Thursday, September 15, 2011

More about my mom and Alzheimer's Disease

I wrote this essay on Mother's Day last year to share with my siblings.  None of them get to see Mom as often as I do as they all live far away.  The closest one is 3 1/2 hours away. Most of them are much farther. 

May 9, 2010
My Real Mom
Today I saw my “real” mother.  Not the one that sits in a wheelchair and can’t remember how old she is, but the one that really is deep down inside the body and brain of Alzheimer ’s disease.  She pops out every once in a while but not too frequently. 
I surprised myself when I cried as I shared the moment with my 16 year old.  You see, when the kids were little we always lived too far away from my parents for the kids to be able to spend much time getting to know their grandparents.  Hannah was only five when I recognized the first signs of Alzheimer’s in my Mom so she really has no recollection of her “real” grandmother.  The one she visited didn’t like noise or disorder and did not have a childproof house so she had to be on her toes all the time.  Maybe it was my fault because I never wanted to make my mother unhappy so I couldn’t allow the children to be relaxed kids when we visited.  In any case, Hannah doesn’t really know her Grandmother.  Now she sees her weekly but the person she sees doesn’t always know who she is.  She lives in a place full of other people who can’t remember their grandchildren either and it is uncomfortable for Hannah to be there.  Her siblings feel that discomfort as well. 
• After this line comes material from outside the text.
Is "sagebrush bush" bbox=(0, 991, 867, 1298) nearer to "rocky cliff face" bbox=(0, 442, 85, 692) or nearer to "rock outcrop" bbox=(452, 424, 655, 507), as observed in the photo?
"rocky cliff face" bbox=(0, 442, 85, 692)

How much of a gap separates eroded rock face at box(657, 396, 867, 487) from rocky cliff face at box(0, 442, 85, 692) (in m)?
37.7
That is why I wanted to share the moment with Hannah.  I wanted her to see a glimpse of her real grandmother.  Because it is Mother’s Day, I went to The Homestead for church with my mother.  When I arrived, Mom was still eating her breakfast.  She uses her fingers now to get the food on her utensil.  Sometimes she doesn’t bother with the utensil at all and just uses her fingers.  That is NOT my real mother.  Church services started before mother had finished eating.  Mom has to concentrate to eat. It is the time when she is least likely to know who I am.  I assumed she would be oblivious to church but since she can’t remember she has been to church 5 minutes after it happens I didn’t figure it mattered much anyway.  As a matter of principle I said to Mom, “We are going to pray now”, but I didn’t really expect a response.  She immediately set down her spoon and obviously participated in the prayer.  We sang the Sacrament song.  I’m not sure if she sang that one or not.  I know she sang at least one of the hymns but I don’t recall which one.  My real mother knows the words to hymns even if she can’t remember how to find one in a hymnal.  As the Sacrament was passed to all the residents, employees and visitors I came to the realization that my real mom was there.  She was reverencing the Sacrament.  The reverence shone through all the inability and forgetfulness.    My real mom. 
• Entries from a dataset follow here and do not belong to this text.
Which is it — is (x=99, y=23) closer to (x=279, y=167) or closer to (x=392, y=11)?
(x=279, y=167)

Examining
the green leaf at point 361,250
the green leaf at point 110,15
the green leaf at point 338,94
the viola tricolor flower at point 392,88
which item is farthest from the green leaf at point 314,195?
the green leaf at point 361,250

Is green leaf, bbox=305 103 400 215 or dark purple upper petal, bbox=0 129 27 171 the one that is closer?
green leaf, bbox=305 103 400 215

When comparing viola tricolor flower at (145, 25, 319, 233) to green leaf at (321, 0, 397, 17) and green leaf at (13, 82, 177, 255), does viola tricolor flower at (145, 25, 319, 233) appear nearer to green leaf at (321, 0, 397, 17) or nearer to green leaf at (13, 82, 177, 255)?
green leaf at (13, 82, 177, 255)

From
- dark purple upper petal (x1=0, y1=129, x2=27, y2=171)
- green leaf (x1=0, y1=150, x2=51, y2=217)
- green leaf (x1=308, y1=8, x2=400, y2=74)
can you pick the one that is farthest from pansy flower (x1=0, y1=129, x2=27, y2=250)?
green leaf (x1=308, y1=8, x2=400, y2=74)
I don’t allow myself much emotion when dealing with my mother.  It would be too hard to constantly be emotional about her condition.  I allow myself to laugh at the funny stuff but rarely do I cry.  It would be too painful.  But I wanted Hannah to see this moment when my real mom emerged.  I wanted her to know that even though she has this horrible disease, Grandma still is reverent.  She still has a testimony of the atonement of Christ.  Her religious memory is still there.  So I told Hannah what happened.  At least I tried.  I barely got started when emotion overcame me, just as it is now as I write about it.  I think Hannah understood the moment well enough without my being able to say all the words that needed saying.  I hope she did.  It was the moment her real grandmother came.